## Monday, April 2, 2012

### Limits of Named Return Value Optimization

I decided to test how well MSVC 10 can perform return value optimization.

Here's the code for my benchmark:

#include <iostream>

struct A {
A() { std::cout << "A() Constructor\n"; }
A(int) { std::cout << "A(int) Constructor\n"; }
A(const A&) { std::cout << "RVO Failed (copy)\n"; }
A(A&&) { std::cout << "RVO Failed (move)\n"; }
A& operator=(const A&) { std::cout << "RVO Failed (copy assignment)\n"; }
A& operator=(A&&) { std::cout << "RVO Failed (move assignment)\n"; }
A operator+(const A&) const { return A(0); }
};

A rvo(int i)
{
if (i < 0) {
return A();
} else {
return A(i);
}
}

A rvo2(int i)
{
if (i < 0) {
return A();
} else {
return A()+A();
}
}

A nrvo(int i)
{
A a;
if (i < 0) {
return a;
} else {
return a;
}
}

A nrvo2(int i)
{
A a;
if (i < 0) {
return a;
} else {
A b(i);
return b;
}
}

A hybrid(int i)
{
A a;
if (i < 0) {
return a;
} else {
return A(i);
}
}

int main()
{
std::cout << "rvo(-1):\n";
rvo(-1);
std::cout << "\n";

std::cout << "rvo(1):\n";
rvo(1);
std::cout << "\n";

std::cout << "rvo2(-1):\n";
rvo2(-1);
std::cout << "\n";

std::cout << "rvo2(1):\n";
rvo2(1);
std::cout << "\n";

std::cout << "nrvo(-1):\n";
nrvo(-1);
std::cout << "\n";

std::cout << "nrvo(1):\n";
nrvo(1);
std::cout << "\n";

std::cout << "nrvo2(-1):\n";
nrvo2(-1);
std::cout << "\n";

std::cout << "nrvo2(1):\n";
nrvo2(1);
std::cout << "\n";

std::cout << "hybrid(-1):\n";
hybrid(-1);
std::cout << "\n";

std::cout << "hybrid(1):\n";
hybrid(1);
std::cout << "\n";

}

The function rvo tests simple application of return value optimization.
nrvo tests for named return value optimization in the simplest case.
nrvo2 returns two different objects, depending on execution path.
hybrid performs nrvo in one path, and rvo in the other.

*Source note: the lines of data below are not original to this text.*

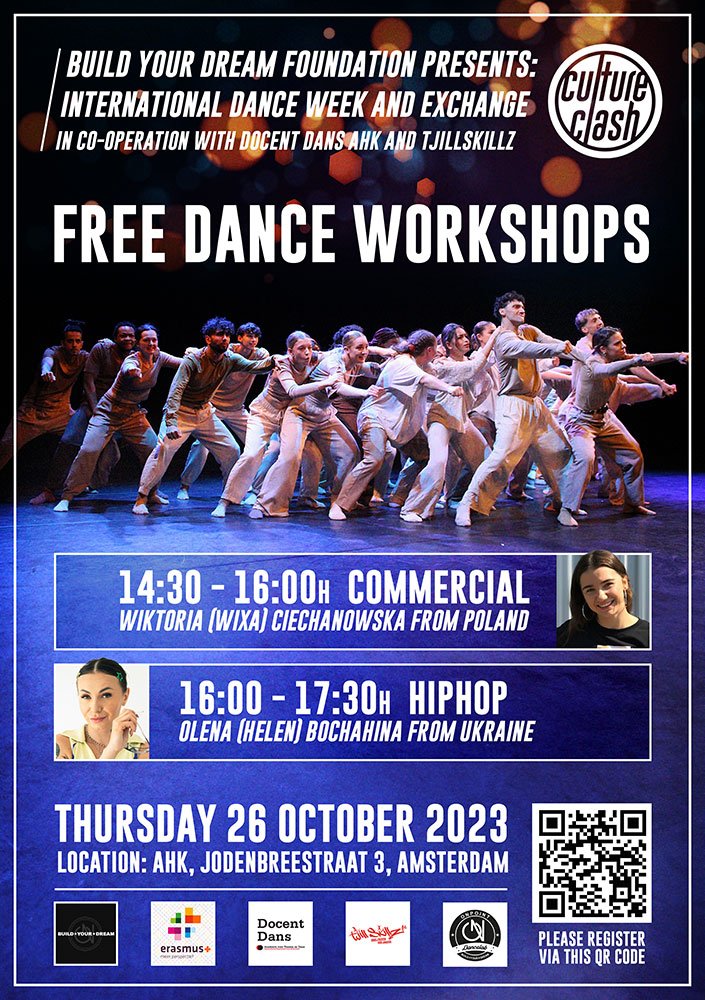 Free Dance Workshops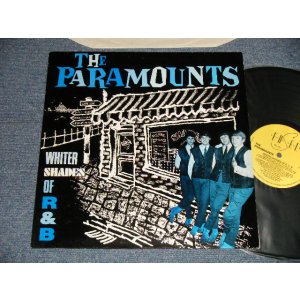 画像: The PAMOUNTS - WHITER SKADES OF R 'n' B (MINT-/MINT) / 1983 UK ENGLAND REISSUE Used LP 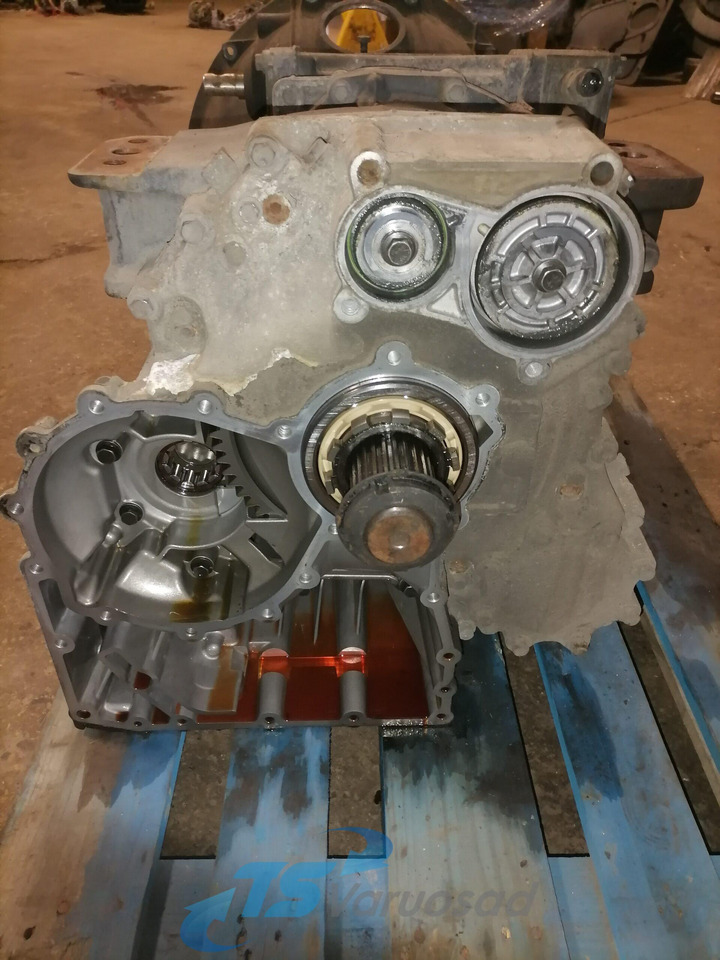 Scania Gerabox GRS895R - Коробка передач та запчастини в категорії Вантажівки: фото 5 Scania Gerabox GRS895R - Коробка передач та запчастини в категорії Вантажівки: фото 5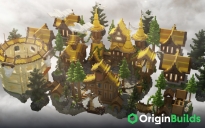 Spawn - Alense Skyblock - |180x150|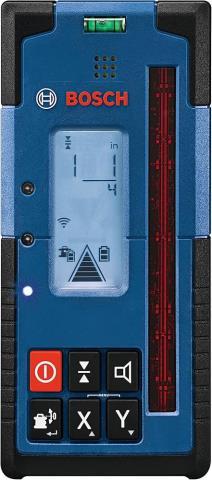 Capteur pour laser rotatif lr40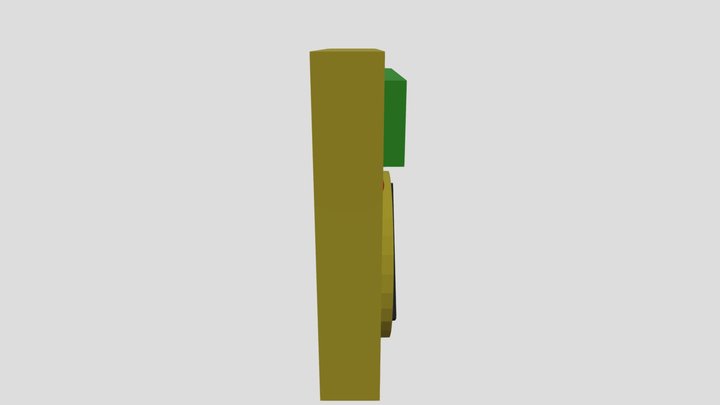 MultiMeter – Kostenloses 3D-Modell STL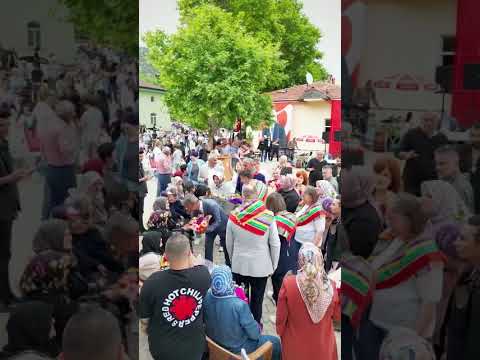 Bilecik Sarmaşık Köyü Hıdırellez Şenliği-2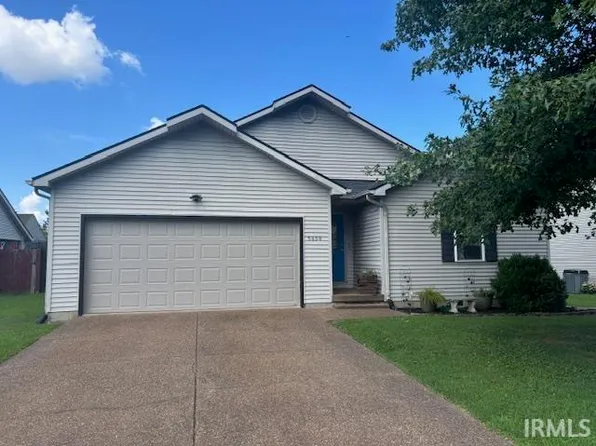 5838 Beaver Trl, Evansville, IN 47715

If RVO/NRVO is enabled, no move/copy constructor shall be invoked. As MSVC 10 supports move semantics, we don't expect to see any copy operations at all.

Here's the result:

rvo(-1):
A() Constructor

rvo(1):
A(int) Constructor

rvo2(-1):
A() Constructor

rvo2(1):
A() Constructor
A() Constructor
A(int) Constructor

nrvo(-1):
A() Constructor

nrvo(1):
A() Constructor

nrvo2(-1):
A() Constructor
RVO Failed (move)

nrvo2(1):
A() Constructor
A(int) Constructor
RVO Failed (move)

hybrid(-1):
A() Constructor
RVO Failed (move)

hybrid(1):
A() Constructor
A(int) Constructor

The conclusion is clear:

RVO is successfully performed. Just create the unnamed object in the return statement. It can be constructed as part of a more complicated statement too, the only requirement seems to be that it is an rvalue.

NRVO succeeds when you declare the object to be returned and return that object in all paths.
If you return different objects in different paths, no NRVO is performed for any path (this is not too surprising if you know how NRVO is implemented).
The hybrid test shows that these two conclusions may be combined: if you have a function that performs RVO in one path, and attempts to perform NRVO in another, by what I've just said, no NRVO will be performed, but RVO will. This is precisely the result you see in the hybrid test.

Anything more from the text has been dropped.